Re: [PATCH 2/2] xfs: Properly retry failed inode items in case of error during buffer writeback

Carlos Maiolino <cmaiolino@xxxxxxxxxx> · Tue, 20 Jun 2017 09:01:03 +0200

Hello Luis.

On Fri, Jun 16, 2017 at 08:35:10PM +0200, Luis R. Rodriguez wrote:
> On Fri, Jun 16, 2017 at 12:54:45PM +0200, Carlos Maiolino wrote:
> > When a buffer has been failed during writeback, the inode items into it
> > are kept flush locked, and are never resubmitted due the flush lock, so,
> > if any buffer fails to be written, the items in AIL are never written to
> > disk and never unlocked.
> > 
> > This causes unmount operation to hang due these items flush locked in AIL,
> 
> What type of hang? If it has occurred in production is there a trace somewhere?
> what does it look like?
> 

No, there isn't any specific trace, the hang can be seen in several different
places, when unmounting the filesystem, it will hang in xfs_ail_push_all_sync(),
but this will be hit even if no unmount is attempted, with items stuck forever
in ail.

I think the easier way to track this is to look at the device stats in sysfs,
and you will see a forever increase in push_ail statistics even with no work
going on in the filesystem.

> You said you would work on an xfstest for this, how's that going? Otherewise
> a commit log description of how to reproduce would be useful.
>

The xfstests is not done yet, and I'm actually not focusing on it right now, I
already have a reproducer, pointed on the beginning of the discussion from this
problem and having this fixed by now is my priority, once the patches are in
shape and accepted, I'll work on the xfstests.

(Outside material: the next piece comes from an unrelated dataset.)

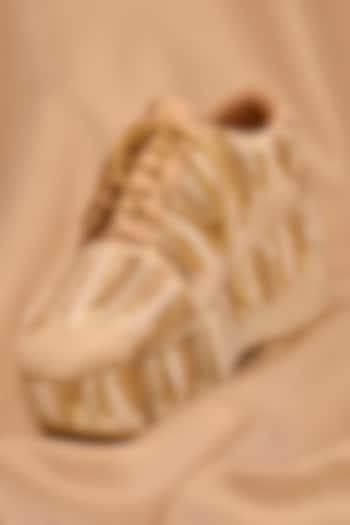 Gold Poly Silk Beaded Work Sneaker Wedges by Around Always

Not to mention that this problem is still possible to occur not only with
inode items, but also with dquot items, which will also be fixed as soon as we
reach a consensus of how to best fix this problem by now. Once the dquot items
fix will use the same infra-structure as the inode items use in this patchset,
and quite the same code, one of the reasons I segmented the buffer resubmission
into a different function that can be used for both item types.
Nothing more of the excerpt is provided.